Aureliano Pertile fu tenore verdiano per definizione. Radames, Manrico, don Alvaro furono caposaldi della carriera del tenore padovano e sono oggi paradigmi dell’interpretazione verdiana. A fine carriera, forse tardi per il metus che il personaggio incuteva Pertile affrontò anche Otello. Non cantò mai don Carlo, ritenendo forse l’infante personaggio di scarso rilievo e neppure il protagonista di Ernani, l’unica opera del primo Verdi regolarmente rappresentata.

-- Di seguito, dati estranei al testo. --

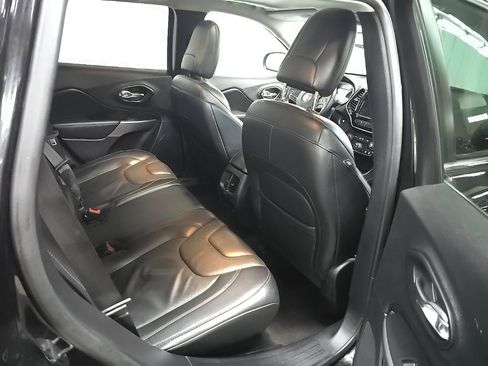 Used 2019 Jeep Cherokee Limited AWD/4WD image 18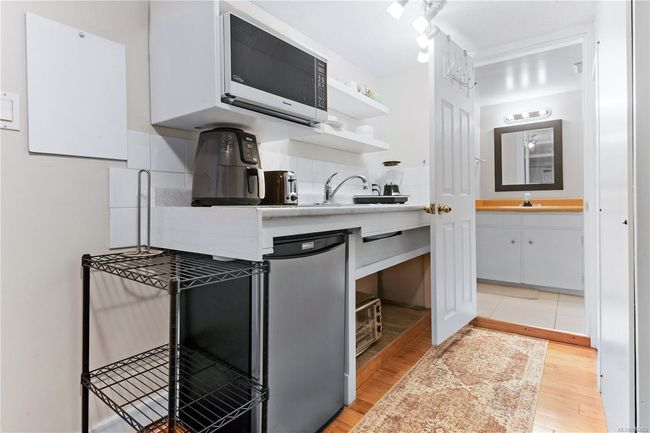 931 Mesher Pl, House other with 3 bedrooms, 3 bathrooms and 4 parking in Esquimalt BC | Image 49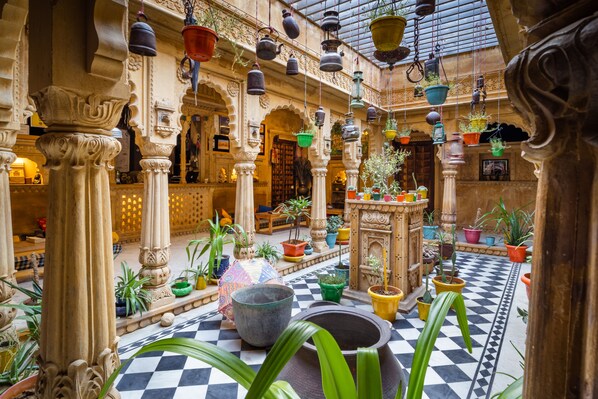 Living area - Moustache Jaisalmer - Hostel (Jaisalmer)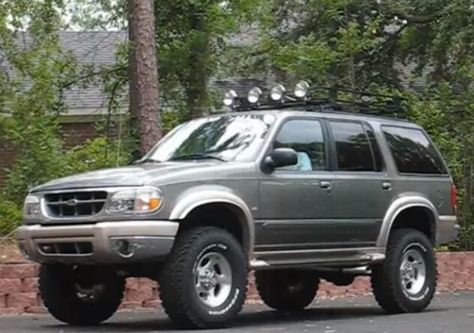 Lifted explorer Ford Explorer Off Road, Lifted Ford Explorer, Truck Upgrades, Isuzu Trooper, Ford Explorer Xlt, Lifted Ford, Ford 4x4, Mercury Mountaineer, Ford Explorer Sport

Sui rifiuti o timori di Pertile, lo dico per informazione, si fondarono tre dei ruoli più praticati e meglio definiti da Francesco Merli, che abbiamo già proposto e celebrato come interprete verdiano.
Nel proporre Aureliano Pertile ci parevano scontati e ci auguriamo molto conosciuti ed apprezzati i suoi “cavalli di battaglia” ovvero Radames, Manrico e don Alvaro, che sono -passate la ripetizione- Storia del canto e dell’interpretazione e allora siamo approdati alla scena della borsa. Noto come il tenore di Toscanini, Pertile quando venne proposta in Scala la Traviata venne chiamato a cantare il ruolo, che i tenori non amano molto, del giovane innamorato. Il timbro di Pertile, ingrato in natura, forse non è nel nostro immaginario quello del giovane che fa conoscere l’amore a chi l’amore vende, ma Pertile è Pertile e riesce ad essere estatico ed affettuoso nell’aria e svetta, tenore lirico spinto nella scena cosiddetta della borsa, dove con un tempo lentissimo (quello di Toscanini?, voglio crederlo) scandisce il doloroso furore del deluso amante con suoni tutti avanti, tutti nitidi, tutti risonanti e squillanti, rendendo il senso della grande apostrofe e del furore.
Anni fa un impreparato ed improvvisato tenore verdiano ha dichiarato che il Duca, Alfredo e Manrico sono scritti per lo stesso tenore. La verità è ben differente e perché i primi interpreti furono nell’ordine Raffaele Mirate, Lodovico Graziani, Carlo Baucardè e perché l’assunto del tenore serviva solo a giustificare un Manrico fiacco e bolso. Però quando penso ad Aureliano Pertile o a Giacomo Lauri Volpi, e potrei anche metterci Tucker e Bergonzi, ovvero il gotha del tenore verdiano l’assunto ha anche senso.